What are your thoughts?


----------



## cegorach (Nov 29, 2010)

I think it could not happen, people who worship undivided woship the pantheon ... sure sometimes balence in favor of one god might happen ... but if another god was made then it would have no worshippers as they are not worshipping "chaos undivided" as an entity but they are worshipping the pantheon of all four gods which is called "chaos undivided. I think I'm not making any sense ... oh well.


----------



## Androxine Vortex (Jan 20, 2010)

cegorach said:


> I think it could not happen, people who worship undivided woship the pantheon ... sure sometimes balence in favor of one god might happen ... but if another god was made then it would have no worshippers as they are not worshipping "chaos undivided" as an entity but they are worshipping the pantheon of all four gods which is called "chaos undivided. I think I'm not making any sense ... oh well.


I suppose so, I took that into consideration as well. But I thought it could work because when people worship chaos as a pantheon, sure i guess it can go to all of chaos in general, but when they are being given powers, I highly doubt the 4 agree on a certain percentage they each will give because in the end it would be like "Hey Khorne! You said you would only give him 25% of your share. Now he's more on your side!"

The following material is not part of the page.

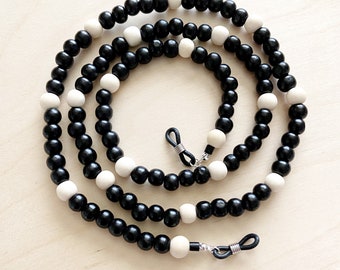 Black and White Wood Beaded Eyeglass Chain, Eyeglass Holder, Eyeglass Necklace, Eyeglass Lanyard, Sunglass Holder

So what do you think about there being daemons or forces who monitor and distribute undivided powers and blessings?


----------



## MEQinc (Dec 12, 2010)

I think the worship of Chaos Undivided is basically choosing to keep your options open. So you'd pray to Khorne for strength (and he'd bless you or not) and Tzeetch for wisdom (and again, possible blessings); as opposed to only ever praying to Khorne. What this means is that even worshippers of Chaos Undivided can show definite leanings towards one God or the other while still following Chaos Undivided. Examples can be seen in the Undivided legions (like the Iron Warriors in _Storm of Iron_)

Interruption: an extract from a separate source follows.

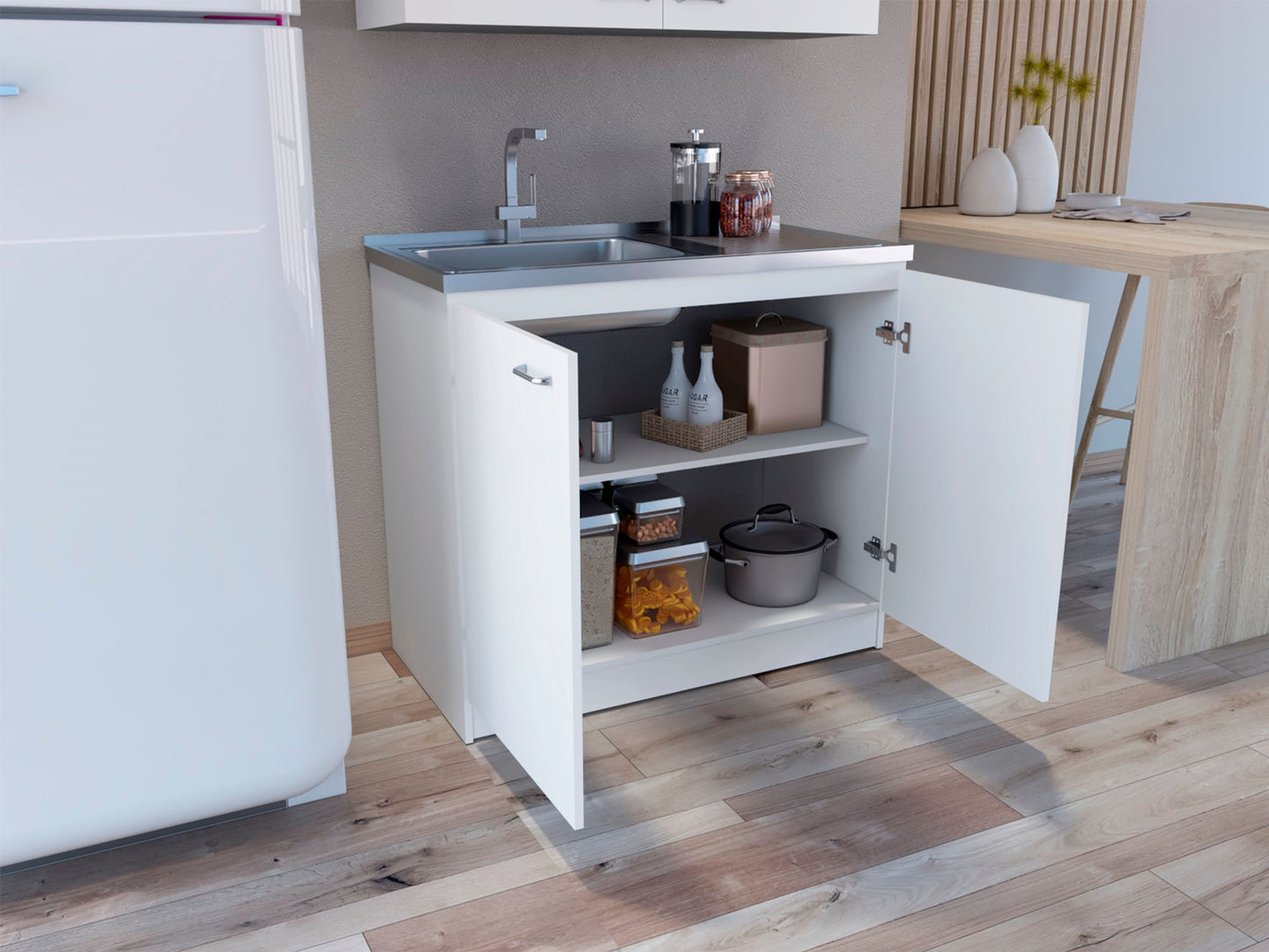 Mueble  Inferior Cocina Napoles 100 Rta Blanco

This means that when a blessing is recieved by a worshipper of Chaos Undivided it would still come from one specific god, not a collective. So if for example Khorne feels that this individual (who only prays to Chaos Undivided) has had a really awesome angry-hacky-slashy-kill moment, he might choose to bless him with claw-hands (or something). This individual could latter have a nice moment of blissful ectasy and Slaanesh might give him a face tenticle. The point is that it's not all four Gods coming together and saying "Let's give this man some crab hands, we'll split it, 25% each okay?"


----------



## Silens (Dec 26, 2010)

MEQinc said:


> I think the worship of Chaos Undivided is basically choosing to keep your options open. So you'd pray to Khorne for strength (and he'd bless you or not) and Tzeetch for wisdom (and again, possible blessings); as opposed to only ever praying to Khorne. What this means is that even worshippers of Chaos Undivided can show definite leanings towards one God or the other while still following Chaos Undivided. Examples can be seen in the Undivided legions (like the Iron Warriors in _Storm of Iron_)
> 
> This means that when a blessing is recieved by a worshipper of Chaos Undivided it would still come from one specific god, not a collective. So if for example Khorne feels that this individual (who only prays to Chaos Undivided) has had a really awesome angry-hacky-slashy-kill moment, he might choose to bless him with claw-hands (or something). This individual could latter have a nice moment of blissful ectasy and Slaanesh might give him a face tenticle. The point is that it's not all four Gods coming together and saying "Let's give this man some crab hands, we'll split it, 25% each okay?"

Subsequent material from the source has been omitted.